Manitouwadge Residents Get Hands-On Experience at NWMO Research Facility
Manitouwadge residents (left to right) Bill Andruniak, Debbie Andruniak and Dave Weadon listen to Jeff Binns, a corrosion scientist at the NWMO.
A group of Manitouwadge residents recently toured the Nuclear Waste Management Organization’s (NWMO) proof test facility in Oakville, Ont.
The tour provided an up-close opportunity to see some of the ongoing research and development in support of Canada’s plan for the safe, long-term management of used nuclear fuel.
“Seeing the containers and having the opportunity to hear the many technical specialists talk about their work and the multiple-barrier system really reinforced for me the deep amount of research that is involved,” said Amber Campbell, who is a new member of the Manitouwadge Nuclear Waste Community Liaison Committee.
The tour provided an opportunity for people to talk to leading NWMO scientists and engineers about their work, and see the containers and other components of the multiple-barrier system.
“I was challenged and excited to ask even more questions because I could see and touch the testing equipment and containers,” Manitouwadge resident Debbie Andruniak said of the tour. “The NWMO’s commitment to safety is something I have supported from the beginning.”

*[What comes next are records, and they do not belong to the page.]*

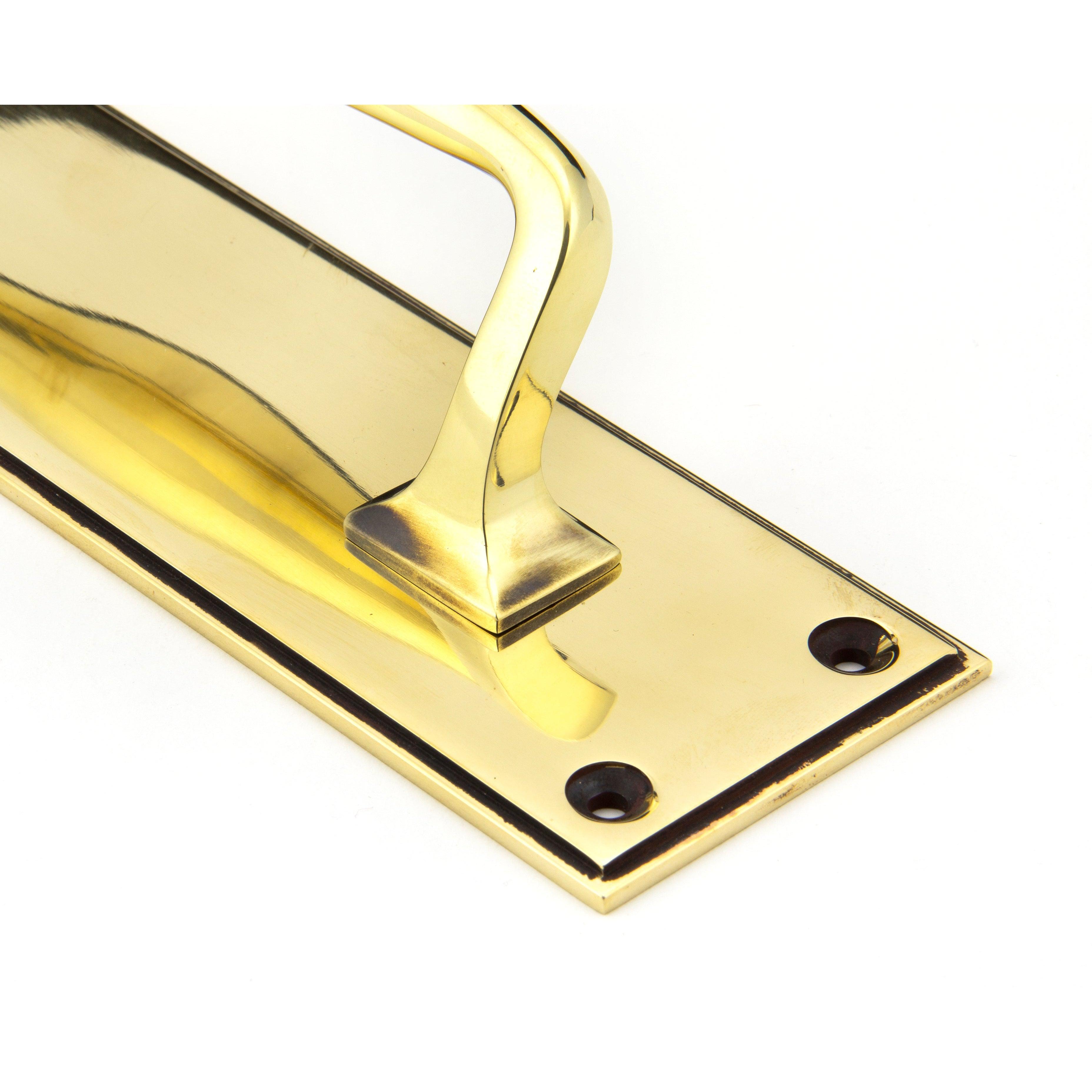 Aged Brass 300mm Art Deco Pull Handle on Backplate | From The Anvil-On Backplate-Yester Home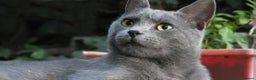 Mixed Breed cats for sale: Russian Blue mix kittens - Advert 1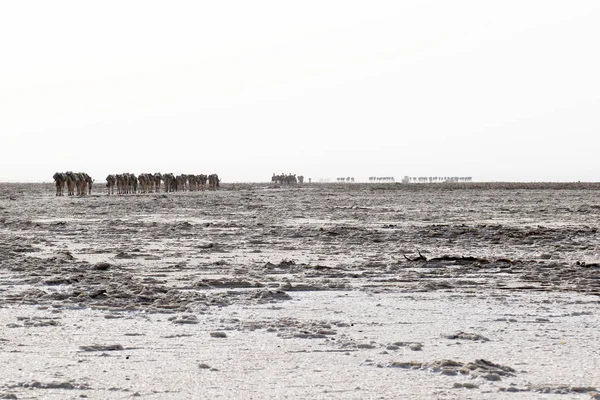 Караван верблюдов, везущий соли в Африке Данакили пустыне, Эфиопия Лицензионные Стоковые Фото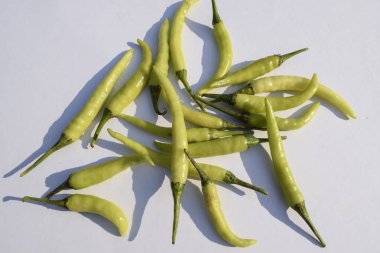 Açık yeşil biber, açık yeşil biber sıraya dizilmiş. Beyaz arka planda taze organik Hint sebzeleri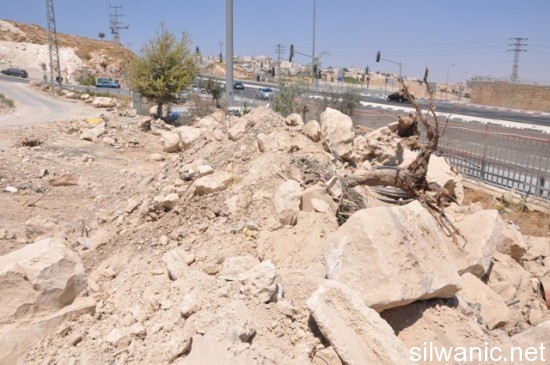 اشجار العيسوية تجريف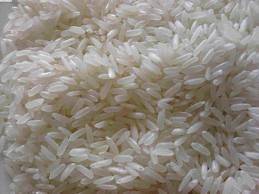 Gourmet Organic Long Grain White Rice 4 Everyday Use Storage 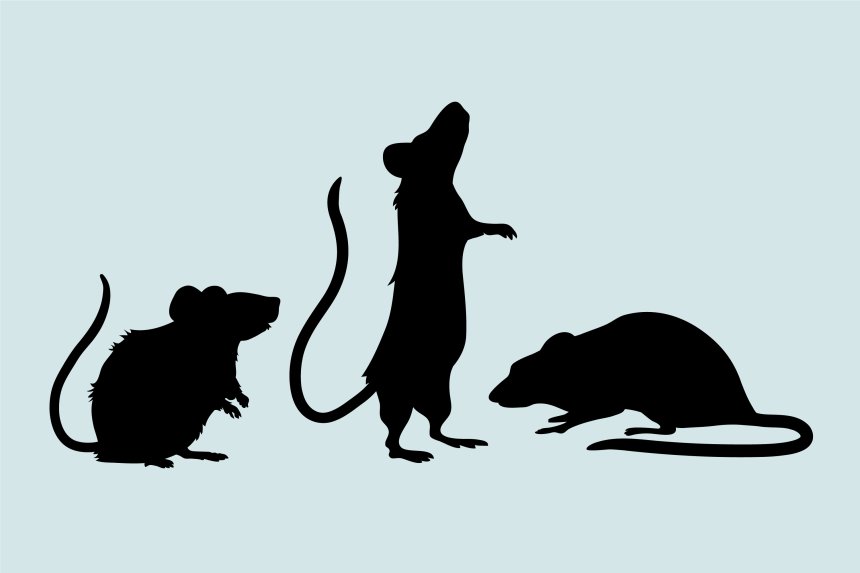 ¿Ratas o ratones en casa? Guía completa para identificarlos y actuar sin pánico
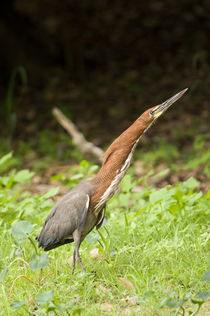 Rufescent Tiger heron (Tigrisoma lineatum) in a field von Panoramic Images
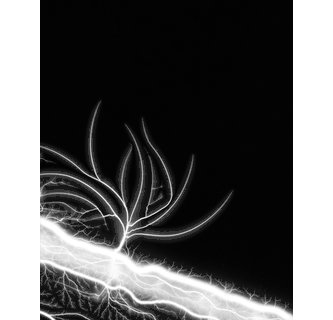 Hiroshi Sugimoto The Long Never, Lightning Fields 289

More tours are currently being planned. Manitouwadge residents interested in participating in a future tour of the NWMO’s Oakville proof test facility can contact Karen Robinson at the Manitouwadge Learn More Office at 807.826.3255.
The Nuclear Waste Management Organization (NWMO) is a not-for-profit organization tasked with the safe, long-term management of Canada’s used nuclear fuel inside a deep geological repository, in a manner that protects people and the environment for generations to come.
Founded in 2002, the NWMO has been guided for more than 20 years by a dedicated team of world-class scientists, engineers and Indigenous Knowledge Holders that are developing innovative and collaborative solutions for nuclear waste management. Canada’s plan will only proceed in an area with informed and willing hosts, where the municipality, First Nation and Métis communities, and others in the area are working together to implement it. The NWMO plans to select a site in 2024, and two areas remain in our site selection process: the Wabigoon Lake Ojibway Nation-Ignace area in northwestern Ontario and the Saugeen Ojibway Nation-South Bruce area in southern Ontario.